Suffice to say, no political contributions were made that day.
This little fund raising attempt was the closest we got to anything remotely political during our trip. The rest of the time was spent drinking wonderful coffee, eating delicious sea food and taking in spectacular views. Blissfully unaware of the hardships facing the locals or having the slightest inkling re: the political situation. Lebanon felt more like an upscale European resort than a country recovering from -- and some argue still teetering on the edge of -- civil war.
Elections happen next year. Lets see where this roadside fund raising gets the party of God and it's competitors.
Tuesday, September 30, 2008
Chand Raat -- aka: the "night of the moon". Chand raat is the last night of Ramadan and the eve of Eid-ul-Fitr. Tonight is chand raat (I'm sure no one in Cairo calls it that) and you can hear the traffic, fireworks and the buzz of the city getting ready for the celebration in the morning.
Growing up, chand raat was busy with preparations. Last minute cooking, ironing our new clothes (no kid of my mother's was going to show up to Eid prayers in already worn threads) and no matter how exhausted my mother was, she always made sure I had henna on my hands. Always. In the morning, we ate "savaiyah" (a sweet vermicelli dish) before dashing out the door to Eid prayers. The day that followed was a marathon blur of endless sweet and fatty food as we went from one Auntie's house to another.
We ate like were on a mission to avenge the month of fasting.
Today, I am in another country, thousands of miles away from my Mom. The traditional Eid sweet here is a cookie with a fig in the middle, dusted with sugar.
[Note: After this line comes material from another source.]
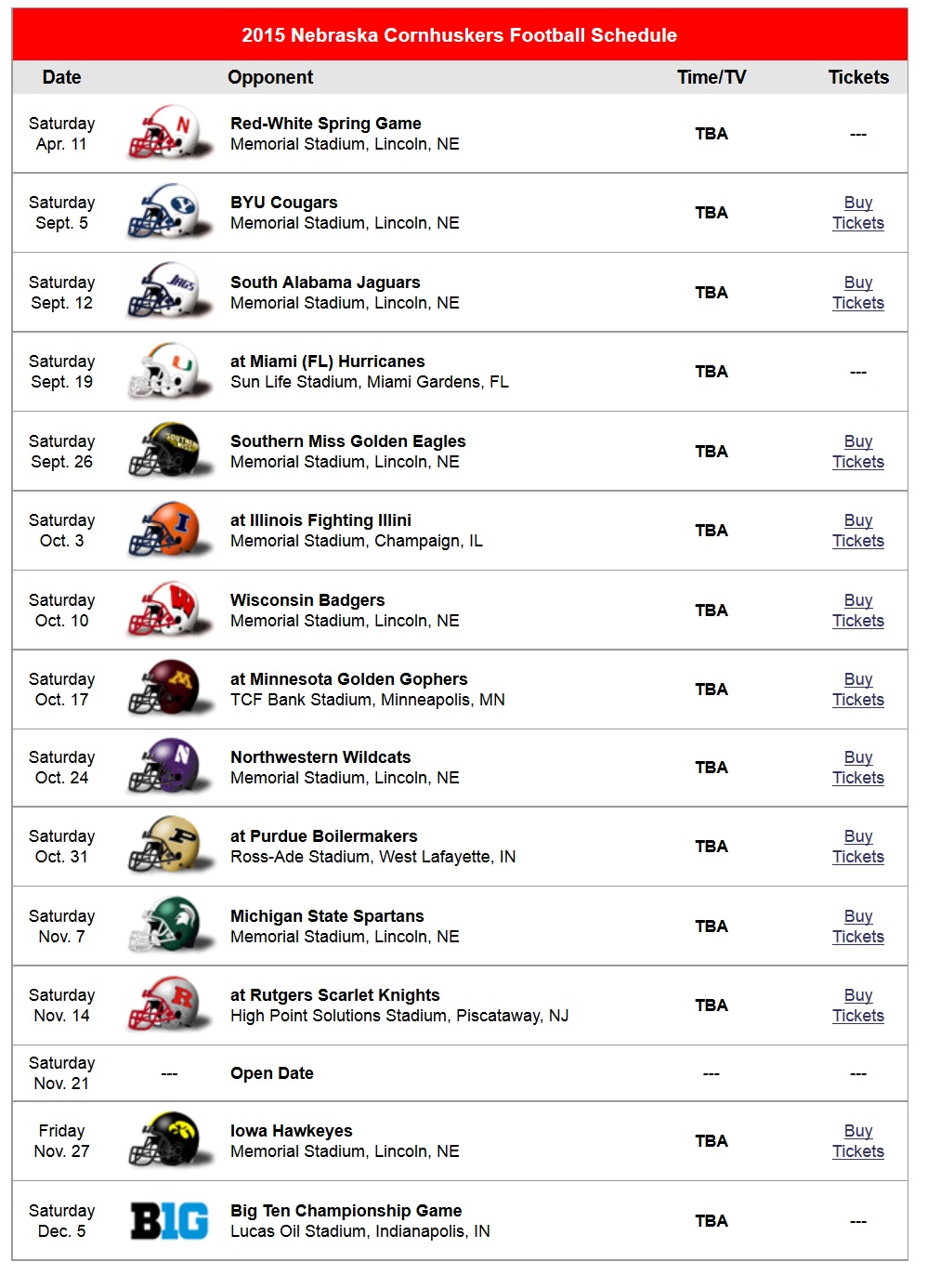 Football Schedule By 1camo S Nebraska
We have some of those on the table but some things about Eid remain constant for me wherever in the world I go: "savaiyah" (aka: Sheer Korma) are bubbling away on the stove, I'm ironing my clothes for the morning and (much like my mother before me) trying to convince my husband to wear a traditional Pakistani suit tomorrow (he won't).
Tucked away in a little cup on my kitchen counter, some Egyptian henna waits my artistic inspiration (I'll post a photo but my prediction: a two year old child's art project gone wrong. On my hands for the next 4-6 weeks).
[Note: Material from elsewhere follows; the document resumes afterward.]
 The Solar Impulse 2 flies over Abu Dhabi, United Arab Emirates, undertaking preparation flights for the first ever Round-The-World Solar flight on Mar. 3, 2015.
Tomorrow after Eid prayers, we're invited to breakfast at a new friend's place and then lunch and dinner with another. So I guess now we're the Aunties on the Eid day circuit...
Chaand Mubarak and Happy Eid to all
Monday, September 29, 2008
So many things. So many that I've decided that I'll just write them down as they come to me:
I used to have coffee at the Segafrado on the main road in Zamalek (July 26). I sat by the window and watched the streetlife and this same scene was repeated countless times: a bus barely slows at the stop. A passenger wanting to get on, reaches out his hand. From inside the bus, two hands pull him on to the bus while a passerby pushes him onto the bus. None of the people involved know each other and go their separate ways. So what? I love that people just automatically help each other. We're all in this together, it says.
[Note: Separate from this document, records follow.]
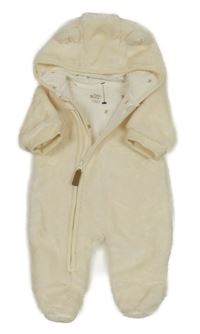 Krémová chlupatá podšitá kombinéza s kapucí F&F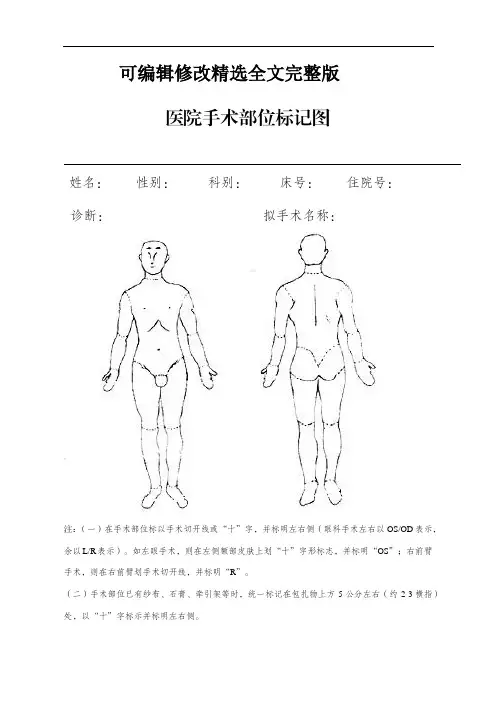 医院手术部位标记图精选全文完整版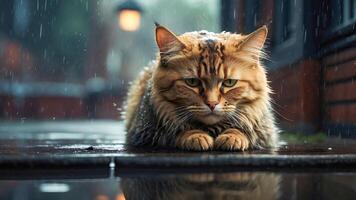 ai généré sans abri triste chaton sur le rue. fond d'écran photo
The other day, YK and I were on the metro and a blind man got on. He was alone. Two groups of unrelated travelers were crammed on the metro on either side of him. Without a word, one man from the group on the left and one man from the group on the right offered their arms to the blind man and escorted him off the metro when his stop came. They asked if he needed anything more and went off in opposite directions to carry on their journeys.
I cannot count the conversations that have taken place as we barrel full speed ahead in Cairo traffic. Car to car, people will pass comments on a third car or a scene taking place in the next lane or by the side of the road. They'll share a joke as they cut each other off or change lanes. So many times, our cab driver has leaned out and given directions to the car driving beside us.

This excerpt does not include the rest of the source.